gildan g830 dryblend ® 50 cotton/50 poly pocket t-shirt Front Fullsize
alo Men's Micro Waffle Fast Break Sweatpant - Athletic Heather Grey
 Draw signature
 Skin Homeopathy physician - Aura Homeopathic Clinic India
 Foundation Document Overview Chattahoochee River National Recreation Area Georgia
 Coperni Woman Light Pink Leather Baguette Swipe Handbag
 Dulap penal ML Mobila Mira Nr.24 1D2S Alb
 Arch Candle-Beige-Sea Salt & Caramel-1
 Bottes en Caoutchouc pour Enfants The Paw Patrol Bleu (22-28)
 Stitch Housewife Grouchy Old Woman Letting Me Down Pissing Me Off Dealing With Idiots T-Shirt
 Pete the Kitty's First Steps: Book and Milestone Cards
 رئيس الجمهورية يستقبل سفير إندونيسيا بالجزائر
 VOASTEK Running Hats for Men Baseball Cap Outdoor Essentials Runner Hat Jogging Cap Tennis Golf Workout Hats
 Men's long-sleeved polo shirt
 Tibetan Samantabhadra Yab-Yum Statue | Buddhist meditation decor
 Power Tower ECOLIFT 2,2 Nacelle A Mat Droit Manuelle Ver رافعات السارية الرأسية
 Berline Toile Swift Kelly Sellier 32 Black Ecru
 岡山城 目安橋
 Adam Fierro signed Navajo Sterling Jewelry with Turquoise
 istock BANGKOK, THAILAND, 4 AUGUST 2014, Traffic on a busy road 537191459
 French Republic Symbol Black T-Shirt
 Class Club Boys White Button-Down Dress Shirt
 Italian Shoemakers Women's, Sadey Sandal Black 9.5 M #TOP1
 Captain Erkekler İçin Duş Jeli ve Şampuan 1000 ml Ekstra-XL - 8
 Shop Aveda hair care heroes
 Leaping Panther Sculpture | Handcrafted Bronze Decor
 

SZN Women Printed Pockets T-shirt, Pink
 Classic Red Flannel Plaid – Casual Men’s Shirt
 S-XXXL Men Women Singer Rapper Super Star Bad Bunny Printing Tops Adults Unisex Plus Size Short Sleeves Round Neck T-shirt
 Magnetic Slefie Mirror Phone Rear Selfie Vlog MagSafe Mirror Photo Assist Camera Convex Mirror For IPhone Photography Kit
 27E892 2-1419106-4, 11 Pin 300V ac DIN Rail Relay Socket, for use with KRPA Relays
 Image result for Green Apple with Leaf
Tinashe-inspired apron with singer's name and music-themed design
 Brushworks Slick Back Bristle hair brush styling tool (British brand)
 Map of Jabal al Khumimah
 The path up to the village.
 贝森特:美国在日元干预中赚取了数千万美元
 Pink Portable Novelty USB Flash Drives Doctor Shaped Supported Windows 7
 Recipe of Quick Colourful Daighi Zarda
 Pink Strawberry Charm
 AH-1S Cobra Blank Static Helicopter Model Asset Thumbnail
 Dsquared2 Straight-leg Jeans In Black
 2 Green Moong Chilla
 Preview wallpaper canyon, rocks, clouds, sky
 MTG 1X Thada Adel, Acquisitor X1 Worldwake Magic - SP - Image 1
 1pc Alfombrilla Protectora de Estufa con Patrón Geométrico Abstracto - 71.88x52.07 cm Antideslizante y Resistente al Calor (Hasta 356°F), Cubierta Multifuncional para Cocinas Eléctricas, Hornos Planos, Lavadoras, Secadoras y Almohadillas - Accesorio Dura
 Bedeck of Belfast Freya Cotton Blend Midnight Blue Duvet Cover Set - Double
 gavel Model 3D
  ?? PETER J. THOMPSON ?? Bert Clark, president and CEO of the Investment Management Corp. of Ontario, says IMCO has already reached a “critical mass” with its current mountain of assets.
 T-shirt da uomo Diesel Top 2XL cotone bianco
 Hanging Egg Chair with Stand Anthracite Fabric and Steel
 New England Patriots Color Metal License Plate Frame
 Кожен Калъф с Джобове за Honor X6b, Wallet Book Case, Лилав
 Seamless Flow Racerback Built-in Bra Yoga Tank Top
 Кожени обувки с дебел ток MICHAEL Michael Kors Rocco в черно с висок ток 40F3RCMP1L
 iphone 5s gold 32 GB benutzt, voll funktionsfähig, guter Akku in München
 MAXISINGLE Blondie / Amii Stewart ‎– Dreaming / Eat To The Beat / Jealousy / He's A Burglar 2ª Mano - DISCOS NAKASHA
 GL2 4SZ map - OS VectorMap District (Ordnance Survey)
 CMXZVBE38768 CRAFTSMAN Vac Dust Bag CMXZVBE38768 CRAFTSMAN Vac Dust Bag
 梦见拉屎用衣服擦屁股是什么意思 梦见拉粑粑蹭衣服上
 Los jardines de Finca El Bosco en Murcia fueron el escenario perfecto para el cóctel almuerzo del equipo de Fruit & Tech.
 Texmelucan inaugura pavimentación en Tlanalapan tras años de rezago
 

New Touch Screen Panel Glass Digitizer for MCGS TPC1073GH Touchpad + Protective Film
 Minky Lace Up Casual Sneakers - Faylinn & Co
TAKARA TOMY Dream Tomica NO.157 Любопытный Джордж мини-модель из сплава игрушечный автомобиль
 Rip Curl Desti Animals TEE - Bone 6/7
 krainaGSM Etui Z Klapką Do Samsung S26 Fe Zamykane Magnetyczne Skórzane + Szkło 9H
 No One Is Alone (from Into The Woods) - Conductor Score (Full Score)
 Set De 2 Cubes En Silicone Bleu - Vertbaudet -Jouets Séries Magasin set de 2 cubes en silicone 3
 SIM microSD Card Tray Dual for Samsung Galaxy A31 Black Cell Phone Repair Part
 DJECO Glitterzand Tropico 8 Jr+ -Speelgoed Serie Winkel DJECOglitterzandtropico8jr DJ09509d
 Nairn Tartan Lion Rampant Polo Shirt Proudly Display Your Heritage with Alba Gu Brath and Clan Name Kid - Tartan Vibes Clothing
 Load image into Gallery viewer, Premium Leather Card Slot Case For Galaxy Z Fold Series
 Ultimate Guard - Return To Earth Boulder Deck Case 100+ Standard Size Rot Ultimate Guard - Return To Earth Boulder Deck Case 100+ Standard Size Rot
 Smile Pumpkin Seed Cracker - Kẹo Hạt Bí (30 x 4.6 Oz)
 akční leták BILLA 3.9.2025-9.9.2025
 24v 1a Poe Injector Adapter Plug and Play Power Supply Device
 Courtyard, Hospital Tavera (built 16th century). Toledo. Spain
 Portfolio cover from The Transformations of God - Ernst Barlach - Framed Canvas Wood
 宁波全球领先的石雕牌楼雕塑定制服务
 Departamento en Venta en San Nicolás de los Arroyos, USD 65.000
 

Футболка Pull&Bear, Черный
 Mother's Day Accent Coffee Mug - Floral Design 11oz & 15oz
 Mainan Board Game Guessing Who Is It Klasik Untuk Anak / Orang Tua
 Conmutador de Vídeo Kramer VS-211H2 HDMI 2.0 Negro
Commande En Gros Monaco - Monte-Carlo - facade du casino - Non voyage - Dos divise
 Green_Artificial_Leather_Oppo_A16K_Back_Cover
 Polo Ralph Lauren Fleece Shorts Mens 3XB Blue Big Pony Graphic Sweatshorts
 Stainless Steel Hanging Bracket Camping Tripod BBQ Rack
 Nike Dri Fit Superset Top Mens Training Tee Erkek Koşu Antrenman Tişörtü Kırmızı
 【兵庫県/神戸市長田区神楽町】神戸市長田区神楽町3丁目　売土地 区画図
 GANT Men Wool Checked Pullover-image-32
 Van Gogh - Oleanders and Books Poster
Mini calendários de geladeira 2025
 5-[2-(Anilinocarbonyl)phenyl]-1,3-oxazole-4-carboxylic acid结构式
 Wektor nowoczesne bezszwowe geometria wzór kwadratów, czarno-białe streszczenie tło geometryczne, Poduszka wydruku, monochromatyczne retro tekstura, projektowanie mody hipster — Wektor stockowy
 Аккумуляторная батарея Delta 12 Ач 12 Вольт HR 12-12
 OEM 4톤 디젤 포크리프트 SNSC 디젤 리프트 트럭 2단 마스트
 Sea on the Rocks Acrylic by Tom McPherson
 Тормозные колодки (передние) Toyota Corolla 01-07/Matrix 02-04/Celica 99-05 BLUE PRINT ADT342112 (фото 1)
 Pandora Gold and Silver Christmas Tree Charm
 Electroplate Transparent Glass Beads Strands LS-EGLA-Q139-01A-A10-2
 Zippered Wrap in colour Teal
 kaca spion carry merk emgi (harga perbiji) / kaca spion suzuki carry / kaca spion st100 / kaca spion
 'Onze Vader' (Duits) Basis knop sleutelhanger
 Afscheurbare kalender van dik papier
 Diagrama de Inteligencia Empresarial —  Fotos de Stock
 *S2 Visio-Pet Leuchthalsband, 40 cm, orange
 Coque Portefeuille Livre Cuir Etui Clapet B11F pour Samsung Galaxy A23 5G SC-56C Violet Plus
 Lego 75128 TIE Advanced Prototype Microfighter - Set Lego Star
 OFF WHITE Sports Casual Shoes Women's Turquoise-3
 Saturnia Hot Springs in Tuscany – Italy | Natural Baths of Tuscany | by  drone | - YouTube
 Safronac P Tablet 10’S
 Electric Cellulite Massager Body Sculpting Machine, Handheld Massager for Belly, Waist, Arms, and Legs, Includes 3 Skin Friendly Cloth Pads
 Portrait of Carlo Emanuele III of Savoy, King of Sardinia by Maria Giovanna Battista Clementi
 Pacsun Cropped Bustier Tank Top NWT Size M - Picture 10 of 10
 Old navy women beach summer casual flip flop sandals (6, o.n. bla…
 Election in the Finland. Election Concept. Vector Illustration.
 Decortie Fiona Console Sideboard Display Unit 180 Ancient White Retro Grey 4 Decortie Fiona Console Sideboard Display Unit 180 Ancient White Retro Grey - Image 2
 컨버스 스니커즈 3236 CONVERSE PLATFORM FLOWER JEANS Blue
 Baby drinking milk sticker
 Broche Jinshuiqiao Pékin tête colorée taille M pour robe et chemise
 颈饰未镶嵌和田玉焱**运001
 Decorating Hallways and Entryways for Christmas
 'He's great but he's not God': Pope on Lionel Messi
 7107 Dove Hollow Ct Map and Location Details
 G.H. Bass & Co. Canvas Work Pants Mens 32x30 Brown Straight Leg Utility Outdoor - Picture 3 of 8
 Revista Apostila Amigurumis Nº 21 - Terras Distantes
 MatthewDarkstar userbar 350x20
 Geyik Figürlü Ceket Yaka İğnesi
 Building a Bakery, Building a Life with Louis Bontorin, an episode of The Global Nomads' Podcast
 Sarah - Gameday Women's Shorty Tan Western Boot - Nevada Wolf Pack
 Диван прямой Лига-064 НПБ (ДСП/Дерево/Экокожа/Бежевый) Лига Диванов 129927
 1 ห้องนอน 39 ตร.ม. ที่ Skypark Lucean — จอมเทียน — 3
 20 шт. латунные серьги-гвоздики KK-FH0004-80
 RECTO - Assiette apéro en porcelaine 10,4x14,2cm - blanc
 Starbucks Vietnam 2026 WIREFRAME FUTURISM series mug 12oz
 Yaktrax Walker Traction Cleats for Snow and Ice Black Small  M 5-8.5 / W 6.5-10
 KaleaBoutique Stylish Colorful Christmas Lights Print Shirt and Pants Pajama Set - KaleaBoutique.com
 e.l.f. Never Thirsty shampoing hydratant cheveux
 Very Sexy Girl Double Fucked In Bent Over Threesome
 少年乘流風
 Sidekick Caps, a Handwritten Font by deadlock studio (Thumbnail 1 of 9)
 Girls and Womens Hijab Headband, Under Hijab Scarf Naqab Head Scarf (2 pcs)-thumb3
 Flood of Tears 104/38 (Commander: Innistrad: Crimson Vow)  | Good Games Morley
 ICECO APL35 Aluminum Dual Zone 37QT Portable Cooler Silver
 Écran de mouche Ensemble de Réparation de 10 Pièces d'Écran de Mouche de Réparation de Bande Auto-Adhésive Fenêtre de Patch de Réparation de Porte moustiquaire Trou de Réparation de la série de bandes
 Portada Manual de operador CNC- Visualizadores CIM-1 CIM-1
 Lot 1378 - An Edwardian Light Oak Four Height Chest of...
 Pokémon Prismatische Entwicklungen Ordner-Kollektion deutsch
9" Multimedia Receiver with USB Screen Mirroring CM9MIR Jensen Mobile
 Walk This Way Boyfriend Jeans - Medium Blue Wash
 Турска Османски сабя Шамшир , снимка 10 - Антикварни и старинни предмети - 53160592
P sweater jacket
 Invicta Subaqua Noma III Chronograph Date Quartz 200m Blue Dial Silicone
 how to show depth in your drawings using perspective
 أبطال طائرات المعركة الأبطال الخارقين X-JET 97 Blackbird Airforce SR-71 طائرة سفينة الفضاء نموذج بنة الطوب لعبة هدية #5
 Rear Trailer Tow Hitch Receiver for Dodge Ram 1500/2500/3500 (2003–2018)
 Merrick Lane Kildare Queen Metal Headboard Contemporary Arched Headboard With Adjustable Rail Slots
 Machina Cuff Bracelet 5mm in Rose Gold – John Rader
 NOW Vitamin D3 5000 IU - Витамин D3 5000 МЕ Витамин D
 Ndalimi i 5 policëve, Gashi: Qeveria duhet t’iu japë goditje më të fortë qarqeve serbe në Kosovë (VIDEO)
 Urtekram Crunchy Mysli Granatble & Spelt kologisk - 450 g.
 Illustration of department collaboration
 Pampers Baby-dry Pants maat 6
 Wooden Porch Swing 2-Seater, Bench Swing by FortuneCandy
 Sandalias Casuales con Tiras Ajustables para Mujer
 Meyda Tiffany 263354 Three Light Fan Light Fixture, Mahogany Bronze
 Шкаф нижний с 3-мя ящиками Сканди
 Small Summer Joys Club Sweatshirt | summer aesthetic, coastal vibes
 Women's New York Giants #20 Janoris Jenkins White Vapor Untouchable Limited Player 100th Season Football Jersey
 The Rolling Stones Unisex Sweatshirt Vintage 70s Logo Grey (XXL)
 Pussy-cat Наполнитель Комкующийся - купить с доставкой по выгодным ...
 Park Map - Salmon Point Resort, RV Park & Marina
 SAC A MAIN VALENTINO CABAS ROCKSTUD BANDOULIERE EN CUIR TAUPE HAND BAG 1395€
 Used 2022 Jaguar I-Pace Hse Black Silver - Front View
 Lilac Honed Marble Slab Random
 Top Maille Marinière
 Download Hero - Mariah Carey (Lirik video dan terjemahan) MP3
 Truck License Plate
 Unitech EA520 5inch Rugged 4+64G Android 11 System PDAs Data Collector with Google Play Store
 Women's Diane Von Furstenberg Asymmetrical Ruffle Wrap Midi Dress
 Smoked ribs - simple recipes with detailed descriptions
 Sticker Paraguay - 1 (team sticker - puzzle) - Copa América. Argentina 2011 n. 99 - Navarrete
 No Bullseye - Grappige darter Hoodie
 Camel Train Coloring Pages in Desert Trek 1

------------------------

• Problem details
Begin with the first line of the listing above and write out each line exactly, ending with the line that contains "Shop Aveda hair care heroes".

• Result for this task
gildan g830 dryblend ® 50 cotton/50 poly pocket t-shirt Front Fullsize
alo Men's Micro Waffle Fast Break Sweatpant - Athletic Heather Grey
 Draw signature
 Skin Homeopathy physician - Aura Homeopathic Clinic India
 Foundation Document Overview Chattahoochee River National Recreation Area Georgia
 Coperni Woman Light Pink Leather Baguette Swipe Handbag
 Dulap penal ML Mobila Mira Nr.24 1D2S Alb
 Arch Candle-Beige-Sea Salt & Caramel-1
 Bottes en Caoutchouc pour Enfants The Paw Patrol Bleu (22-28)
 Stitch Housewife Grouchy Old Woman Letting Me Down Pissing Me Off Dealing With Idiots T-Shirt
 Pete the Kitty's First Steps: Book and Milestone Cards
 رئيس الجمهورية يستقبل سفير إندونيسيا بالجزائر
 VOASTEK Running Hats for Men Baseball Cap Outdoor Essentials Runner Hat Jogging Cap Tennis Golf Workout Hats
 Men's long-sleeved polo shirt
 Tibetan Samantabhadra Yab-Yum Statue | Buddhist meditation decor
 Power Tower ECOLIFT 2,2 Nacelle A Mat Droit Manuelle Ver رافعات السارية الرأسية
 Berline Toile Swift Kelly Sellier 32 Black Ecru
 岡山城 目安橋
 Adam Fierro signed Navajo Sterling Jewelry with Turquoise
 istock BANGKOK, THAILAND, 4 AUGUST 2014, Traffic on a busy road 537191459
 French Republic Symbol Black T-Shirt
 Class Club Boys White Button-Down Dress Shirt
 Italian Shoemakers Women's, Sadey Sandal Black 9.5 M #TOP1
 Captain Erkekler İçin Duş Jeli ve Şampuan 1000 ml Ekstra-XL - 8
 Shop Aveda hair care heroes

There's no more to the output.